Interview With Author Morris Tenny
Tell us about yourself and how many books you have written.
I’m an author, investor, and psychological practitioner obsessed with how beliefs shape behavior—especially around money, performance, and confidence. I started investing at 20 with deposits, property, shares, and bonds, and built financial independence through boring, repeatable systems rather than hype. My background blends economics and psychology, so I write at the intersection of mindset and practical action: how to change what you do by first upgrading what you believe. I coach entrepreneurs and professionals to dismantle self-sabotage, negotiate without guilt, and build simple systems that stick. I’ve written one book so far—Money Mental Traps—with a companion printable workbook, and I’m outlining my second now.
Outside of work, I travel to study how different cultures think about success, I practice languages for the joy of connection, I play golf for focus, lift weights for resilience, and spend quiet time on the water to reset. I believe wealth starts in the nervous system: calm creates clarity, clarity drives action.
What is the name of your latest book and what inspired it?
Money Mental Traps: 12 Hidden Beliefs That Sabotage Your Finances—and How to Break Them.
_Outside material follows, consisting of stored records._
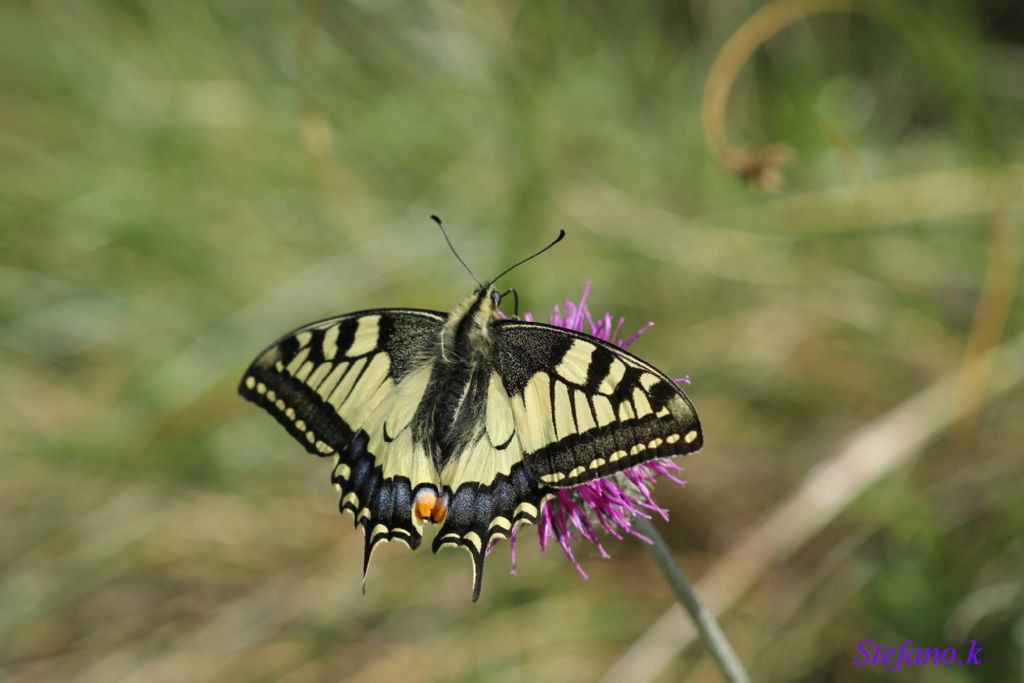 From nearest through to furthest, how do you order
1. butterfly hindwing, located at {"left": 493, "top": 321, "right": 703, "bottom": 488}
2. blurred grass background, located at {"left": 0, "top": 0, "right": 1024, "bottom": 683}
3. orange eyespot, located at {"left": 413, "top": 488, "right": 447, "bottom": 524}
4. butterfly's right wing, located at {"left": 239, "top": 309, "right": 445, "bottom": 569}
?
butterfly hindwing, located at {"left": 493, "top": 321, "right": 703, "bottom": 488} → orange eyespot, located at {"left": 413, "top": 488, "right": 447, "bottom": 524} → butterfly's right wing, located at {"left": 239, "top": 309, "right": 445, "bottom": 569} → blurred grass background, located at {"left": 0, "top": 0, "right": 1024, "bottom": 683}

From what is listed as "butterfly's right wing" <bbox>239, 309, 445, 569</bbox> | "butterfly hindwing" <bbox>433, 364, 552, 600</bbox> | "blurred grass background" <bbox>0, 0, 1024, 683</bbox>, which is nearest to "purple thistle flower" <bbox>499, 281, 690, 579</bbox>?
"butterfly hindwing" <bbox>433, 364, 552, 600</bbox>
It was inspired by watching smart, capable people repeat the same patterns: undercharging because “I don’t want to seem greedy,” delaying launches out of perfectionism, avoiding money conversations out of shame. They didn’t need more spreadsheets—they needed a clean, practical way to identify and remove the beliefs running the show. The book distills years of coaching into short chapters with step-by-step exercises so readers can feel change in minutes, not months.
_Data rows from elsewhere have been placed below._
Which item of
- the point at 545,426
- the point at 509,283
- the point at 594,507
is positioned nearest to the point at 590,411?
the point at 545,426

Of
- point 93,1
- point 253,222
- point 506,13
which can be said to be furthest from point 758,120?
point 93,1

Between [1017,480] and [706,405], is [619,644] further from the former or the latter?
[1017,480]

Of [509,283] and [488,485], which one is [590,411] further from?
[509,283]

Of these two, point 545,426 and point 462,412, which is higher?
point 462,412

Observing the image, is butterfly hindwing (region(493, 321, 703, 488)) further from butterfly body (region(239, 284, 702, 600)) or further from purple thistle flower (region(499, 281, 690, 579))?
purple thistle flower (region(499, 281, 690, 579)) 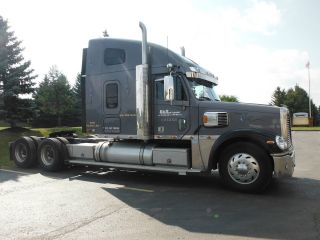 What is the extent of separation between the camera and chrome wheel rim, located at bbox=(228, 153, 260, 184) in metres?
8.12

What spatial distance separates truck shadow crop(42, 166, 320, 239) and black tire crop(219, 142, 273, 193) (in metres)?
0.21

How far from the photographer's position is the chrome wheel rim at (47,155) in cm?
1170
Do you have any unusual writing habits?
I “rehearse” chapters on walks. If an idea survives a 30-minute walk without notes, it’s clear enough to write.
I write the exercise first, then the chapter. If there’s no useful action at the end, the chapter isn’t ready.
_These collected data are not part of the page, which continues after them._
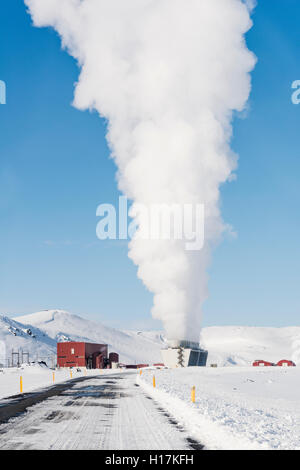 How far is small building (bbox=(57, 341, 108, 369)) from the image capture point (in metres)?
104

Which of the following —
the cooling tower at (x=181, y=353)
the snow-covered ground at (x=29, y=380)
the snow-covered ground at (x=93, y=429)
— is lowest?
the cooling tower at (x=181, y=353)

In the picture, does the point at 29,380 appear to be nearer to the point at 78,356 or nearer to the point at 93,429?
the point at 93,429

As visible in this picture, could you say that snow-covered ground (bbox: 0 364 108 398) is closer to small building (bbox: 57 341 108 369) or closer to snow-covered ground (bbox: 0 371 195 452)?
snow-covered ground (bbox: 0 371 195 452)

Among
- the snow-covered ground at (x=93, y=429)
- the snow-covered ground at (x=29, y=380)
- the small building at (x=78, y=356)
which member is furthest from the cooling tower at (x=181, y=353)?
the snow-covered ground at (x=93, y=429)

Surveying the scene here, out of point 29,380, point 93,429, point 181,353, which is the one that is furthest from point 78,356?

I keep a “reader’s voice” sticky note: “I have 10 minutes. Make this count.” It keeps me honest—no fluff.
I do a nervous-system check before edits: breathe, release shoulders, then cut 20% of words. Calm improves clarity.
What authors, or books have influenced you?
Carol Dweck — Mindset, for the simplicity of belief → behavior.
James Clear — Atomic Habits, for systems thinking and friction design.
Brené Brown — for shame work and emotionally safe language.
Ramit Sethi — for candid money conversations and scripts.
What are you working on now?
Two projects:
A follow-on guide: a 12-week system of tiny, repeatable actions to lock in calm, clarity, and consistent earning.
A short book for creatives and consultants: scripts, anchors, and micro-systems to ask for your worth without the guilt hangover.
What is your best method or website when it comes to promoting your books?
Conversations over campaigns. I prioritize:
Useful freebies that actually get used: scripts, checklists, and a printable workbook.
Consistent, no-drama newsletters with one idea, one story, one action—readable in 3 minutes.
Do you have any advice for new authors?
Write for one person with one problem. Clarity beats clever.
Build your exercise first; the prose should serve the outcome.
Ship small and often. A finished 120 pages beats a perfect 600 in your head.
Don’t outsource your voice. Edit hard, but keep your edges.
Protect your nervous system. A calm writer writes clearer books and finishes them.
What is the best advice you have ever heard?
“Make it easier to do the right thing than the wrong thing.”
In money, habits, and writing, design beats discipline: lower friction for the behavior you want, raise friction for the one you don’t.
What are you reading now?
The Psychology of Money by Morgan Housel (story-driven money wisdom).
Four Thousand Weeks by Oliver Burkeman (time, limits, and what matters).
What’s next for you as a writer?
Deepening the practice: more field-tested scripts, more short, practical books. I’m building a library of “micro-systems” that help people negotiate, price, save, and decide—calmly.
If you were going to be stranded on a desert island and allowed to take 3 or 4 books with you what books would you bring?
Meditations by Marcus Aurelius (portable sanity).
Man’s Search for Meaning by Viktor Frankl (perspective under pressure).
The Complete Works of Seneca (letters for long days).
A durable field guide to edible plants—philosophy is great; survival is better.